For this exercise, write each entry below out precisely and omit the pictures.

(Information given)
-=-=-

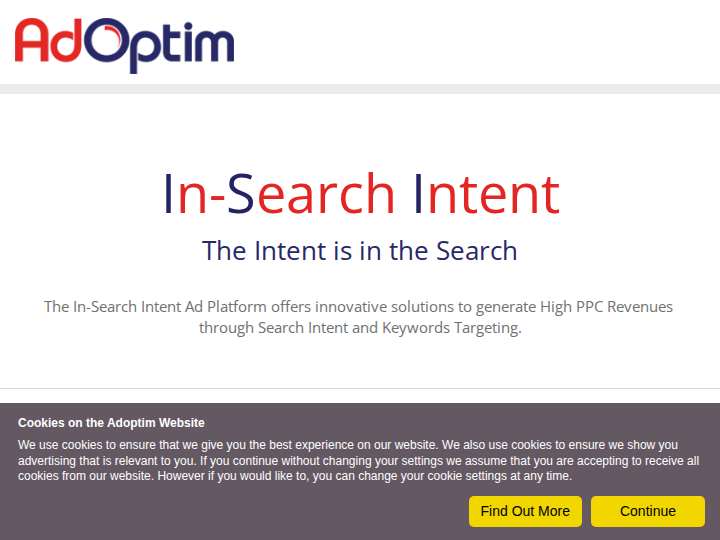 AdOptim website preview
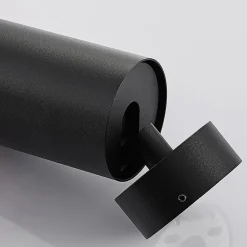 Arcchio spotlight Brinja, sett med 3 stk, svart, rund, Ø 6cm, GU10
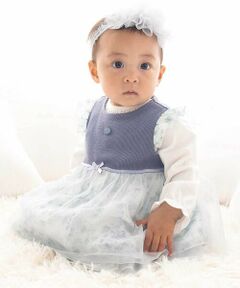 fillot de bebe reduction / フィヨ デュ ベベ ルダクティオン ベビー・キッズウエア | 【お揃い】テレコフェイスチュールチュニック(70~90cm)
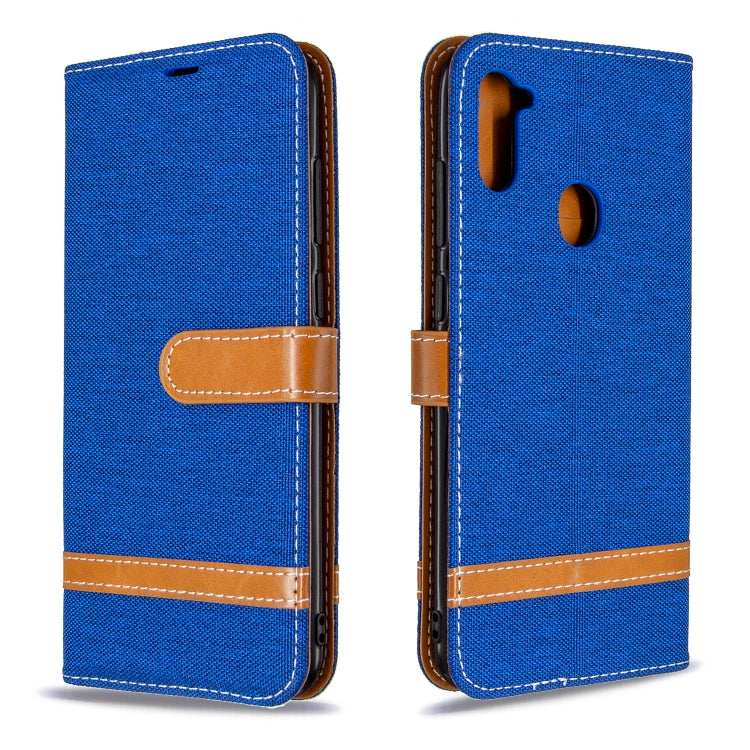 Color Matching Denim Texture Horizontal Flip Leather Case with Holder & Card Slots & Wallet & Lanyard My Store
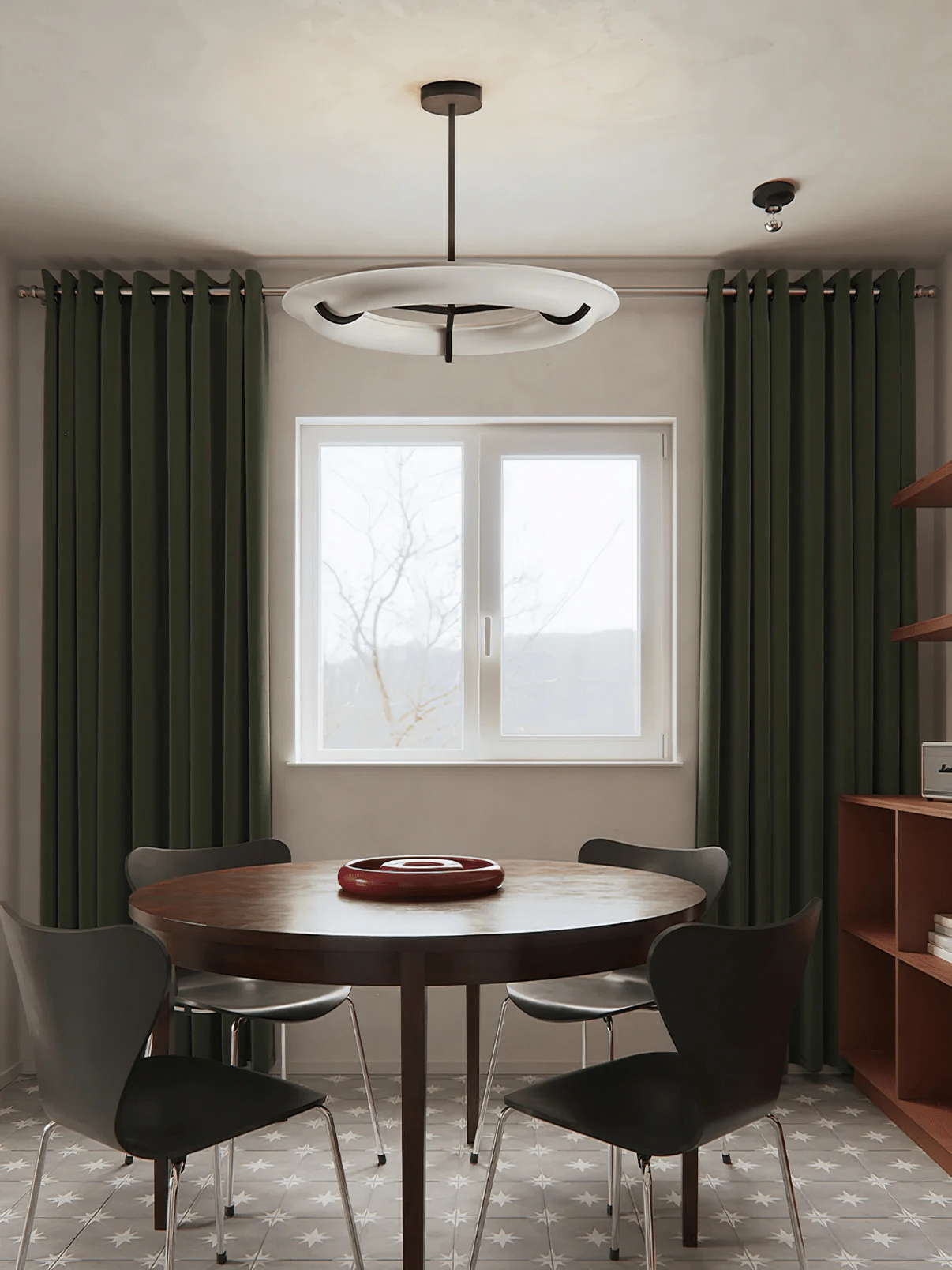 Carve Alabaster Pendant Light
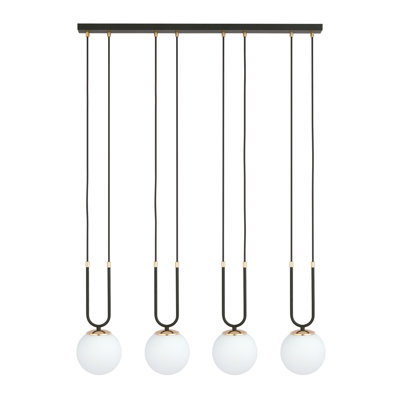 Spahn 4 - Light Black Kitchen Island Pendant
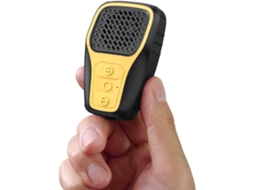 Caixa de som vestível Inga, mini, à prova d'água IP67, com clipe, sem fio, amarelo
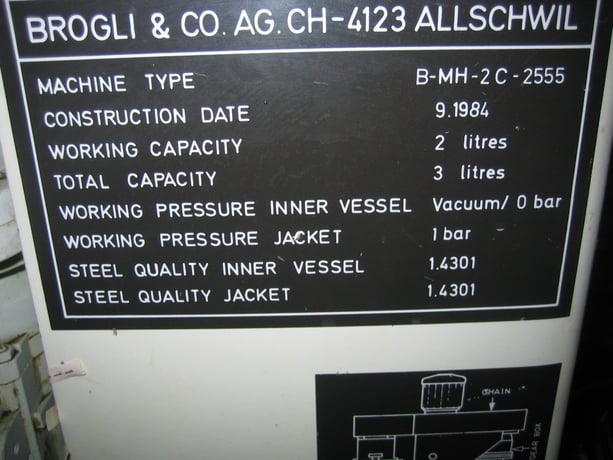 Brogli #B-MH-2C-2555 Multi-Homo, Stainless Steel mixer/homogenizer, 6" x 6" chamber - Image 6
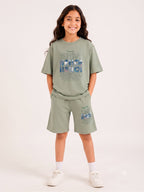 GREY URBAN CHILL SHORTS CO-ORDS SET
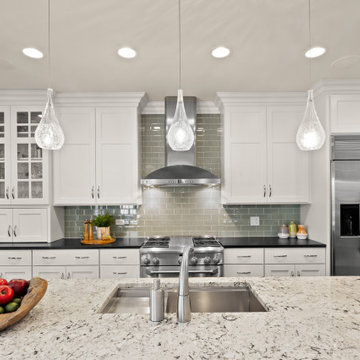 Extraordinary transitional home renovation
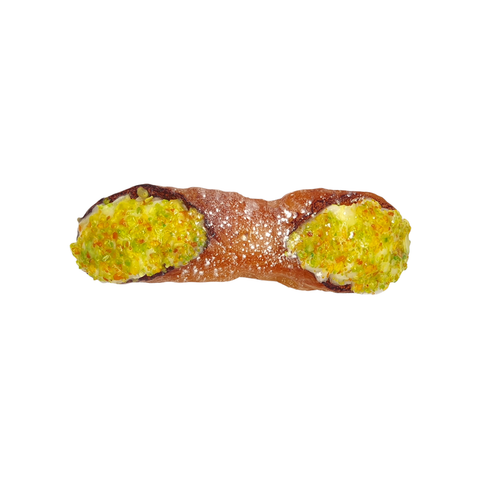 Pistachio Cannoli Pastry Candle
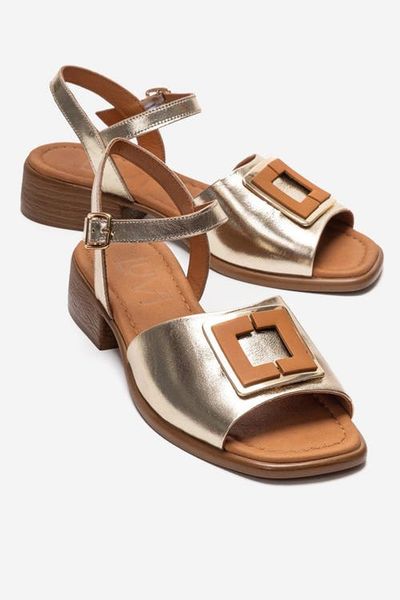 Forever & Always Shoes Forever & Always Shoes Svelte Leather Buckle Sandal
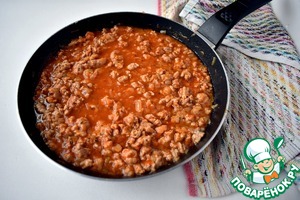 Запеченная полента с мясным соусом Запеченная полента с мясным соусом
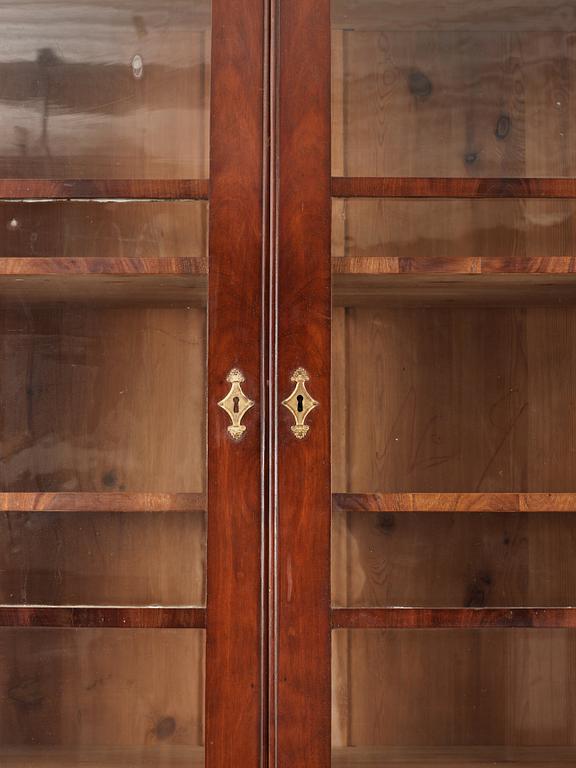 A Swedish Empire bookcabinet.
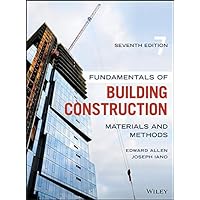 Fundamentals of Building Construction: Materials and Methods Fundamentals of Building Construction: Materials and Methods eTextbook Hardcover Kindle Spiral-bound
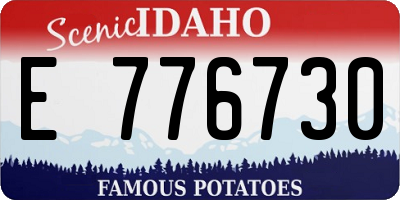 ID license plate E776730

-=-=-

(Exercise answer)
 AdOptim website preview
 Arcchio spotlight Brinja, sett med 3 stk, svart, rund, Ø 6cm, GU10
 fillot de bebe reduction / フィヨ デュ ベベ ルダクティオン ベビー・キッズウエア | 【お揃い】テレコフェイスチュールチュニック(70~90cm)
 Color Matching Denim Texture Horizontal Flip Leather Case with Holder & Card Slots & Wallet & Lanyard My Store
 Carve Alabaster Pendant Light
 Spahn 4 - Light Black Kitchen Island Pendant
 Caixa de som vestível Inga, mini, à prova d'água IP67, com clipe, sem fio, amarelo
 Brogli #B-MH-2C-2555 Multi-Homo, Stainless Steel mixer/homogenizer, 6" x 6" chamber - Image 6
 GREY URBAN CHILL SHORTS CO-ORDS SET
 Extraordinary transitional home renovation
 Pistachio Cannoli Pastry Candle
 Forever & Always Shoes Forever & Always Shoes Svelte Leather Buckle Sandal
 Запеченная полента с мясным соусом Запеченная полента с мясным соусом
 A Swedish Empire bookcabinet.
 Fundamentals of Building Construction: Materials and Methods Fundamentals of Building Construction: Materials and Methods eTextbook Hardcover Kindle Spiral-bound
 ID license plate E776730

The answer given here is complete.